Tazaki, Yuichi (Tokyo Inst. of Tech.), Imura, Jun-ichi (Tokyo Inst. of Tech.)

Graph-Based Model Predictive Control of a Planar Bipedal Robot

Scheduled for presentation during the Regular Session "Model Predictive Control I" (MoA10), Monday, July 24, 2006, 12:05−12:30, Room 103

17th International Symposium on Mathematical Theory of Networks and Systems, July 24-28, 2006, Kyoto, Japan

This information is tentative and subject to change. Compiled on April 26, 2024

Keywords Model predictive control, Control of hybrid systems, Systems on graphs

Abstract

In this paper, we propose a new offline model predictive control for a planar bipedal robot, which we call here Graph-based Model Predictive Control.

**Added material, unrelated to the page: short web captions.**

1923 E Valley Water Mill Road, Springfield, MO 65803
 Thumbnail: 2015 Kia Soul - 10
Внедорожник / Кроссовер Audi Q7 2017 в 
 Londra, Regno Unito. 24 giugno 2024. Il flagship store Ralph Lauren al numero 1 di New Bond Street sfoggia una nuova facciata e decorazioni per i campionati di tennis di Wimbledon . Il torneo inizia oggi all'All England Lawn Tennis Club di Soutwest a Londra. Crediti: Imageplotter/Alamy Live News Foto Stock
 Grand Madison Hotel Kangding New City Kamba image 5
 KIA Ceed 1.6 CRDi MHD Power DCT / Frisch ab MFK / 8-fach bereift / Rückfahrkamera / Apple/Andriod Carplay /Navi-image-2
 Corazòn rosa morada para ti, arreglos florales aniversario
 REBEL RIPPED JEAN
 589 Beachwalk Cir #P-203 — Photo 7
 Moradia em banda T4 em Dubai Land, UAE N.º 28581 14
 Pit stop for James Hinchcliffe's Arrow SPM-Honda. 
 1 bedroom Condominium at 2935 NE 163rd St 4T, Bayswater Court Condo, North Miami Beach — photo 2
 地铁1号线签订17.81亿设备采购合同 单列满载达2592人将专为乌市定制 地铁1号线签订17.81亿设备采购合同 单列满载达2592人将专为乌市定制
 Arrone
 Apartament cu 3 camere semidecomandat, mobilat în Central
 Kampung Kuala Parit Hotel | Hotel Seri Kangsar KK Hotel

This method consists of two phases : the graph construction phase and the realtime control phase. The directed graph is constructed off line by i)placing a certain number of nodes on the state space of the robot, ii)computing the optimal path starting from each of the graph nodes with respect to a given cost function, and iii)creating a set of directed edges by taking the first edge of each of the optimal paths. This means that one can achieve receding horizon control in some sense by simply tracing the edges of the directed graph and therefore the real-time computational cost is dramatically reduced compared with the ordinary MPC. In addition, by constructing multiple directed graphs based on different cost functions, one can design multiple motions and switching trajectories among them in a uniform way. The proposed method is applied to the speed changing control problem of a bipedal walker on a two-dimensional plane and its effectiveness is verified by numerical simulation.